GNU grep 2.12 changes behavior of recursion options, breaks existing scripts

js2 · on July 26, 2012

Here's the change and it's justification:

http://git.savannah.gnu.org/cgit/grep.git/commit/?id=c6e3ea6...

Change -r to follow only command-line symlinks, and by default to read only devices named on the command line. This is a simple way to get a more-useful behavior when searching random directories; the idea is to use 'find' if you want something fancy. -R acts as before and gets a new alias --dereference-recursive.

Personally I think breaking compatibility for this change was a poor decision.

akkartik · on July 26, 2012

That link doesn't work.
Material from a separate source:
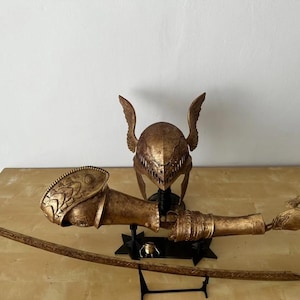 K&ouml;nnte beinhalten: Ein goldfarbener, detaillierter Kriegerhelm mit Fl&uuml;geln, einem passenden Arm und einer Hand sowie einem Schwert auf einem schwarzen St&auml;nder.
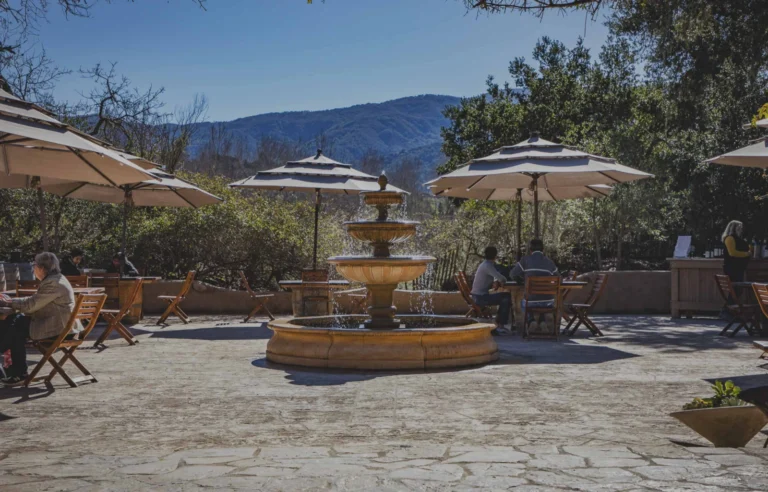 The courtyard fountain at Sunstone, with umbrella-shaded tables and the Santa Ynez hills behind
I thought at first that it was incorrectly copied, but you can see it here:

http://git.savannah.gnu.org/cgit/grep.git/log/?qt=grep&q...

And clicking on it says 'No repositories found'. Anybody else have this problem?

js2 · on July 26, 2012

Alternate link:

http://repo.or.cz/w/grep.git/commit/c6e3ea61d9f08aa0128a0eb1...

(Yea for the "D" in DVCS.)

Also, the corresponding bug which has additional discussion:

http://savannah.gnu.org/bugs/?17623

Ralith · on July 26, 2012

Just FYI, "Yea" and "Yay" are not synonymous.

js2 · on July 26, 2012

Doh. I see I mistyped "its" up above as well. (Or maybe iOS did that for me.)

cschramm · on July 26, 2012

Yes, seems like Savannah can't completely handle HN ;)

akkartik · on July 26, 2012

The error message doesn't suggest this is a load issue. Also, wouldn't the entire app go down rather than a single link?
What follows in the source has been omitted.